**Given records:**

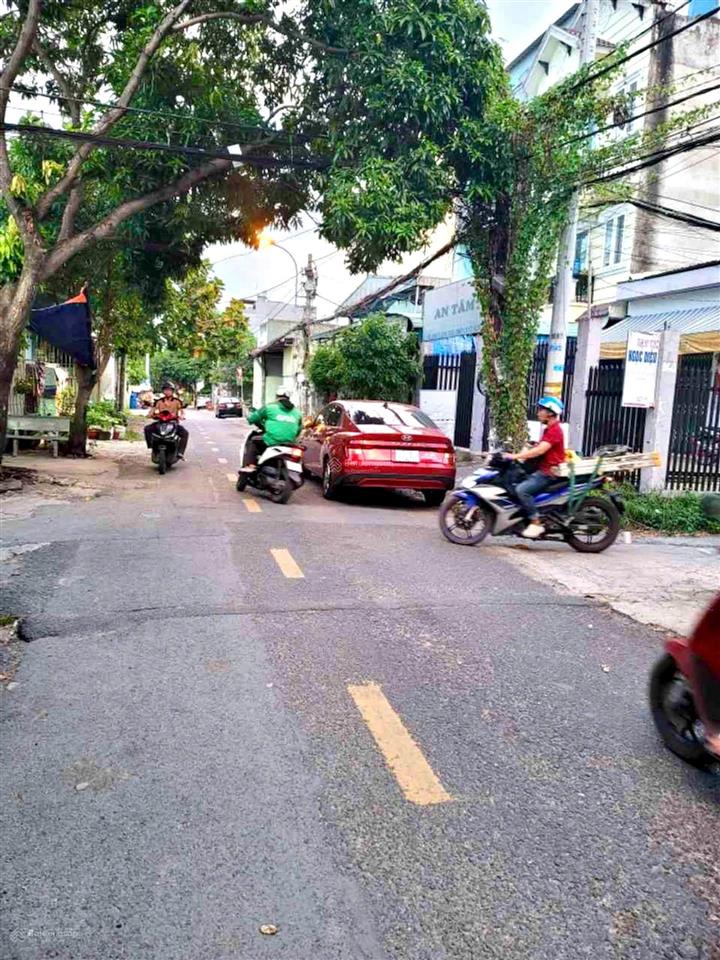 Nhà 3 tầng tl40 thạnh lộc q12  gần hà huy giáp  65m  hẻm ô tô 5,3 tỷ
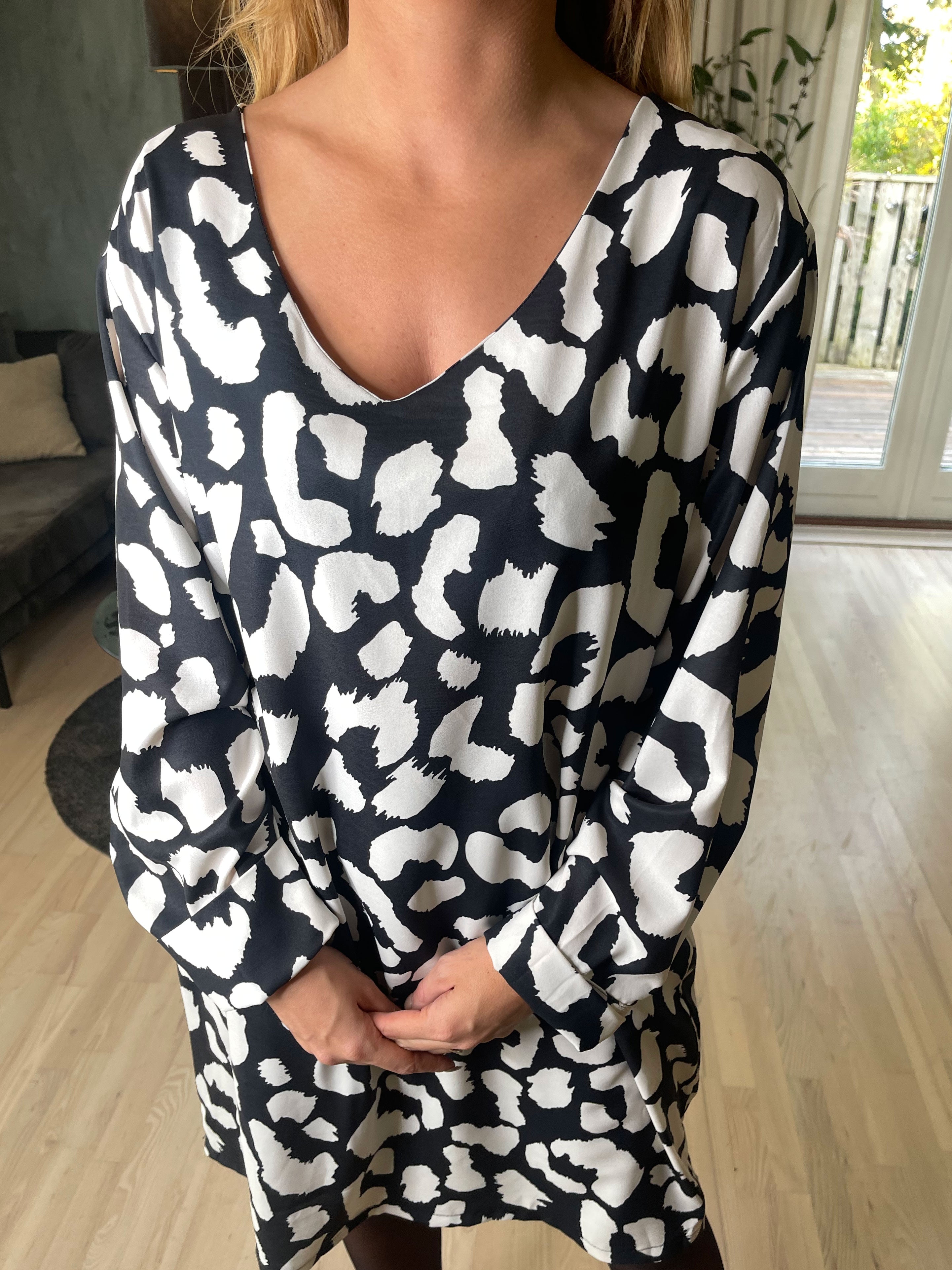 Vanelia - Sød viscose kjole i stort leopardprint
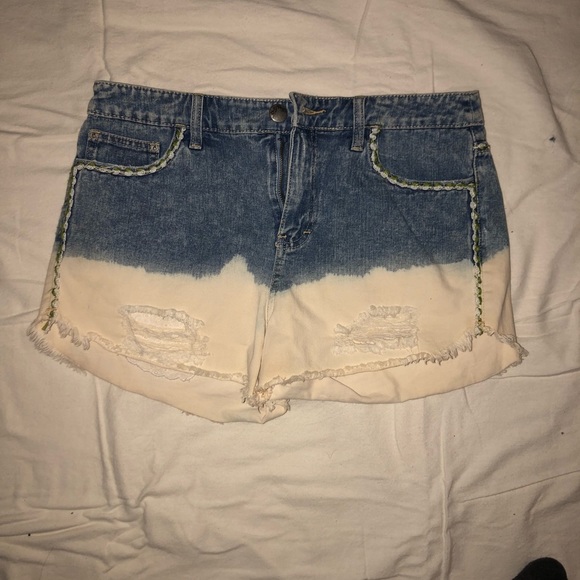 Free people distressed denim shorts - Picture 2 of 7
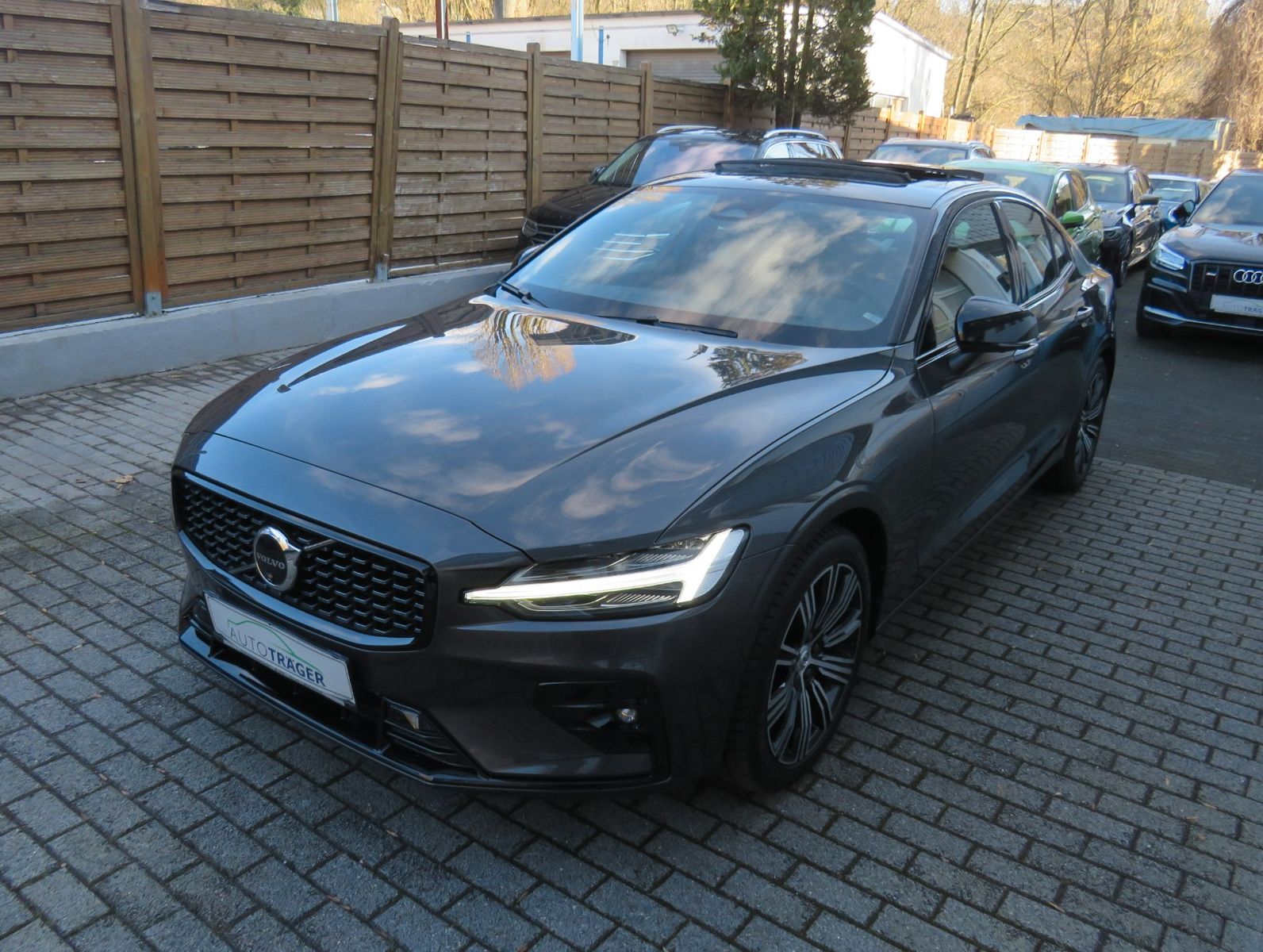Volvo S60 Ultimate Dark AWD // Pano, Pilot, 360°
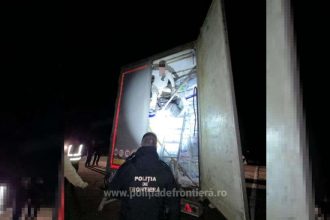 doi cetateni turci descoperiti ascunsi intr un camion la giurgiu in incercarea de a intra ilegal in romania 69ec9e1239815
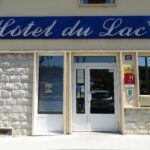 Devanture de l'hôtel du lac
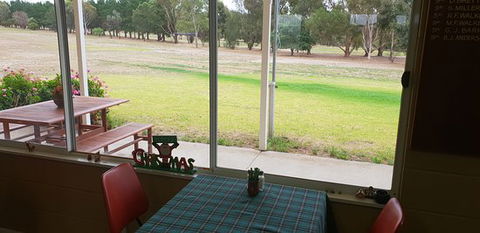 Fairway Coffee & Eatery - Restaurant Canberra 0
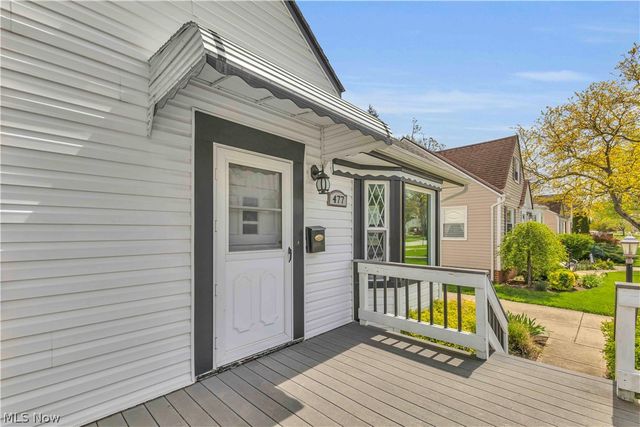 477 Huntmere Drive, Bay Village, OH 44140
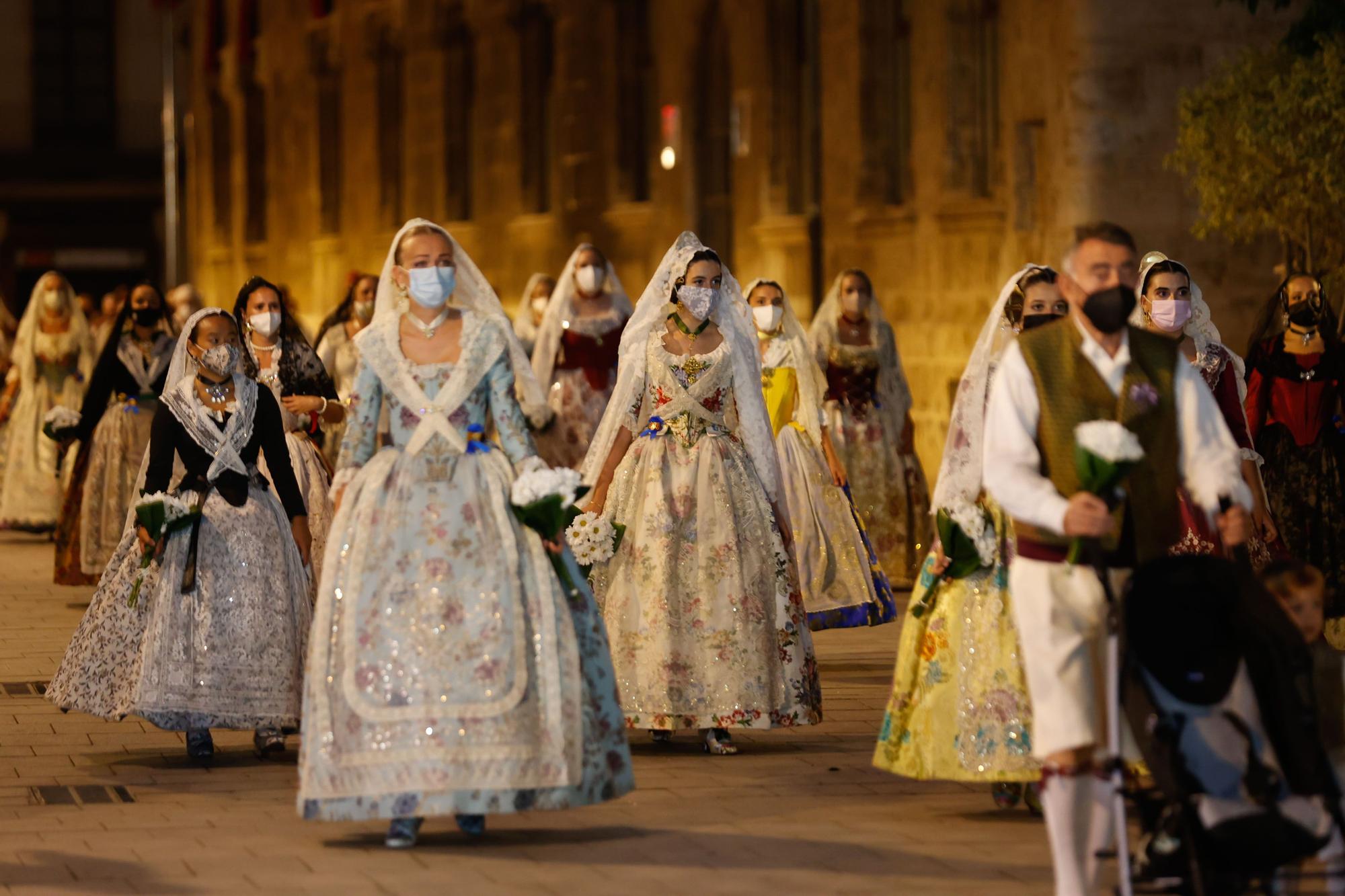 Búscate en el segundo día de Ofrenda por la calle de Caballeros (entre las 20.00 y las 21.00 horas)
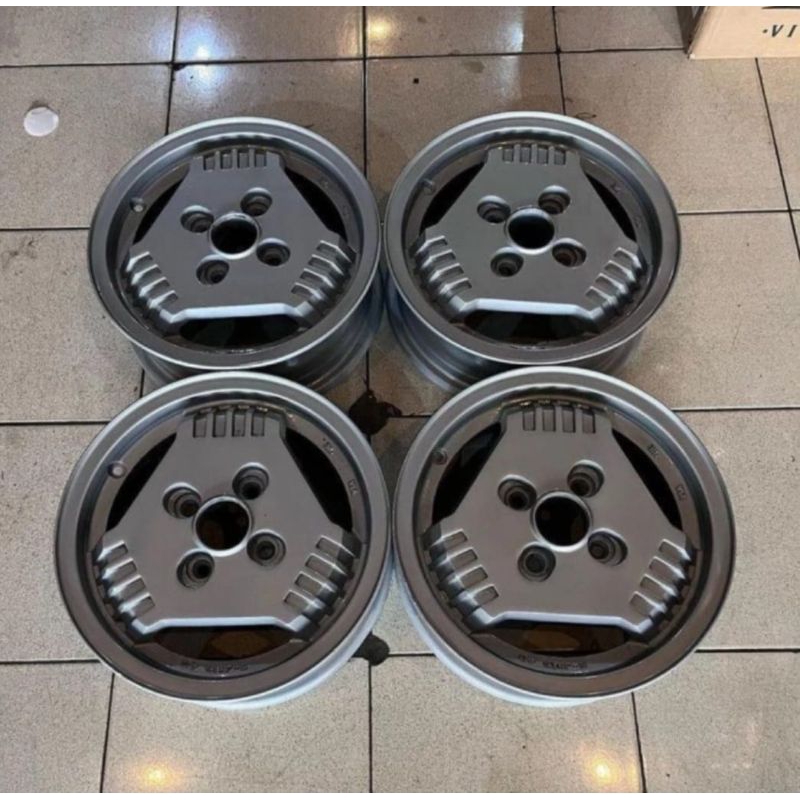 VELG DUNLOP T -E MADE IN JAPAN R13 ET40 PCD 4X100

**Task goal:** Retype the listing exactly and drop the pictures.

**Result:**
 Nhà 3 tầng tl40 thạnh lộc q12  gần hà huy giáp  65m  hẻm ô tô 5,3 tỷ
 Vanelia - Sød viscose kjole i stort leopardprint
 Free people distressed denim shorts - Picture 2 of 7
Volvo S60 Ultimate Dark AWD // Pano, Pilot, 360°
 doi cetateni turci descoperiti ascunsi intr un camion la giurgiu in incercarea de a intra ilegal in romania 69ec9e1239815
 Devanture de l'hôtel du lac
 Fairway Coffee & Eatery - Restaurant Canberra 0
 477 Huntmere Drive, Bay Village, OH 44140
 Búscate en el segundo día de Ofrenda por la calle de Caballeros (entre las 20.00 y las 21.00 horas)
 VELG DUNLOP T -E MADE IN JAPAN R13 ET40 PCD 4X100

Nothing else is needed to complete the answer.